[Information provided — start]

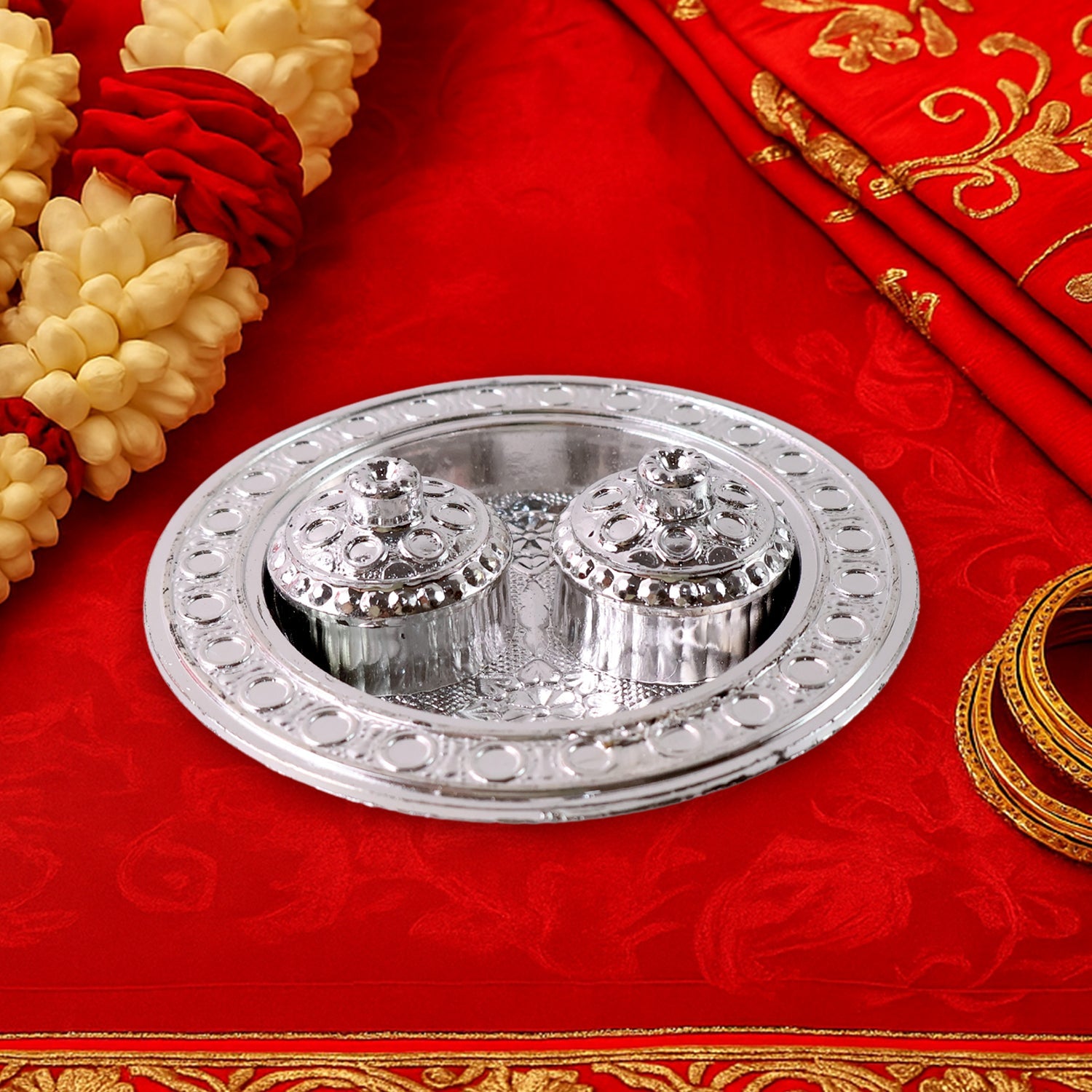 Round Shape Special Puja Thali, Kumkum Thali Holder (1 Pc / Small)-Home Improvement-AniGuess-AniGuess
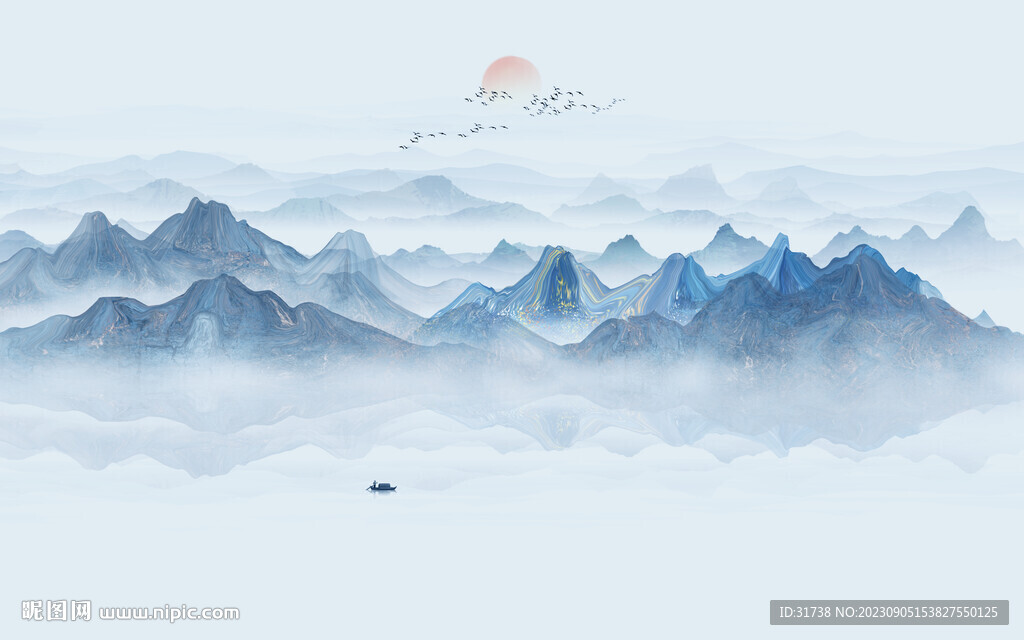 蓝色禅意水墨山水画背景墙
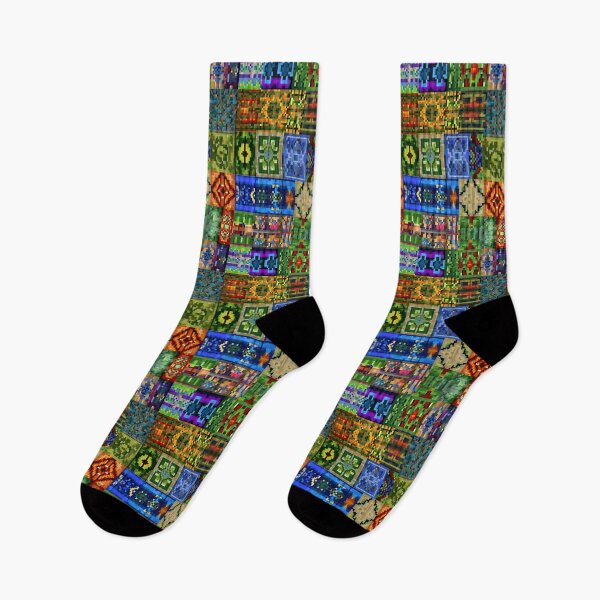 Item preview, Pixel folk art with vibrant colorful square motifs. designed and sold by Piotrek0001.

[Information provided — finish]

* Exercise requirements: Could the listing above be printed again in full, with every picture omitted?

* Answer space:
 Round Shape Special Puja Thali, Kumkum Thali Holder (1 Pc / Small)-Home Improvement-AniGuess-AniGuess
 蓝色禅意水墨山水画背景墙
 Item preview, Pixel folk art with vibrant colorful square motifs. designed and sold by Piotrek0001.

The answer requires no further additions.